While working on another project, I’ve had occasion to make some data relating to the blog aggregator site britishblogs.co.uk (now apparently defunct) which occurs in the Internet Archive between 2006 and 2012. I am unlikely to exploit it very much myself, and so I have made it available in figshare, in case it should be of use to anyone else.
Specifically, it is data derived from the UK Host Link Graph, which states the presence of links from one host to another in the JISC UK Web Domain Dataset (1996-2010), a dataset of archived web content for the UK country code top level domain captured by the Internet Archive.
It has 19,423 individual lines, each expressing one host-to-host linkage in content from a single year.
Since the blog as a format seems to be particularly prone to disappearance over time, scholars of the British blogosphere may find this useful in locating now defunct blogs in the Internet Archive or elsewhere. My sense is that the blogs included in the aggregator were nominated by their authors as being British, and so this may be of some help in identifying British content in platforms such as WordPress or Blogger.

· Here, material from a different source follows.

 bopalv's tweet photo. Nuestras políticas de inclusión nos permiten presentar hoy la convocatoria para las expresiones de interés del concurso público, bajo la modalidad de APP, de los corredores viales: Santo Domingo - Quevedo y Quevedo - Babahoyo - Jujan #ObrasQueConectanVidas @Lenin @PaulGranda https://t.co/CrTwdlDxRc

Some words of caution. The data is offered very much as-is, without any guarantees about robustness or significance. In particular:
(i) I have made no effort to de-duplicate where the Internet Archive crawled the site, or parts of it, more than once in a single year.
(ii) also present are a certain number of inbound links – that is to say, other hosts linking to britishblogs.co.uk. However, these are very much the minority.
(iii) there is also some analysis needed in understanding which links are to blogs, and which are to content linked to from within those blogs (and aggregated by British Blogs).